Eventi e comunicazioni
Un’opera realizzata alla SUPSI entra nella collezione dell’ambasciata USA a Berna
25 settembre 2015
SUPSI, Dipartimento ambiente costruzioni e design, Laboratorio cultura visiva
Un’opera realizzata all’interno del progetto di ricerca SUPSI “Arte ri-programmata: un manifesto aperto” dall’artista e designer Thibault Brevet è stata selezionata per la residenza di Sua Eccellenza l’ambasciatore statunitense a Berna, Suzan G. LeVine, a seguito di un concorso indetto dal programma Mobile di Pro Helvetia e dall’Ambasciata degli Stati Uniti d’America in Svizzera.

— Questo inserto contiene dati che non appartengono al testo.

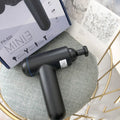 Black handheld USB fascia gun massager with 24W motor on a grey background.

L’opera “Bitshift” di Thibault Brevet sarà inclusa per due anni nella collezione dell’ambasciatore statunitense Suzan G. LeVine, installata presso la sua residenza ufficiale di Berna a partire da venerdì 25 settembre 2015. L’opera ha risposto a un concorso per opere d’arte in grado di porsi all’intersezione tra arte, scienza, tecnologia e ambiente, un tema sempre più al centro dell’agenda di molti governi.
 
“Stiamo assistendo a un salto verso le tecnologie digitali che ha dirette conseguenze nel panorama dell’innovazione e della creatività. Artisti e ricercatori usano nuovi strumenti e nuovi percorsi per dare forma al mondo”: l’opera di Thibault Brevet ha risposto pienamente ai requisiti stabiliti dalla giuria del concorso, composta da Sua Eccellenza l’ambasciatore statunitense a Berna Suzan G. LeVine, Marc Bodmer (giornalista, esperto di Pro Helvetia) e Ariane Koek (International Arts Development, CERN).
 
L’opera è stata realizzata dall’artista e designer Thibault Brevet per il progetto di ricerca coordinato da Serena Cangiano e Davide Fornari del Laboratorio cultura visiva SUPSI, ed esposta in precedenza presso l’Istituto Svizzero di Milano, nel quadro del programma di scambio binazionale “Viavai – Contrabbando culturale Svizzera-Lombardia”, promosso dalla Fondazione svizzera per la cultura Pro Helvetia e realizzato in partenariato con i cantoni Ticino e Vallese, la città di Zurigo, la Fondazione Ernst Göhner. L’iniziativa si è avvalsa del patrocinio degli Assessorati alla Cultura della Regione Lombardia e del Comune di Milano.
 
Thibault Brevet ha studiato Progettazione grafica all’ECAL di Losanna dopo una formazione da ingegnere e fisico. Il suo lavoro è incentrato su interazioni fisiche semplici e sulle loro conseguenze nel quotidiano. Usando le sue conoscenze scientifiche come spunti per i suoi progetti, crea un mix di tecniche low-fi e innovative, dispositivi software e hardware per produrre eventi coinvolgenti. I suoi lavori sono stati esposti in vari festival di design europei (Milano, Vienna), istituzioni internazionali (New Museum di New York, Victoria and Albert Museum di Londra) e pubblicati su varie riviste (Domus, icon, Gestalten).
 
"Bitshift" è un oggetto in costante evoluzione su cui è possibile osservare il passaggio di un pattern in bianco e nero. L’oggetto è costituito da una serie di circuiti stampati (PCB), progettati per lavorare come pannelli riscaldanti e ricoperti da uno strato termocromatico. I pannelli da 10 per 10 cm sono incatenati gli uni agli altri e reagiscono al comportamento dei loro vicini. Seguendo una semplice regola input/output, generano insieme un pattern continuo che può essere osservato mentre scorre lungo la catena. Le informazioni passano dal pannello “padre” al “figlio”, man mano che questi si scaldano e si raffreddano.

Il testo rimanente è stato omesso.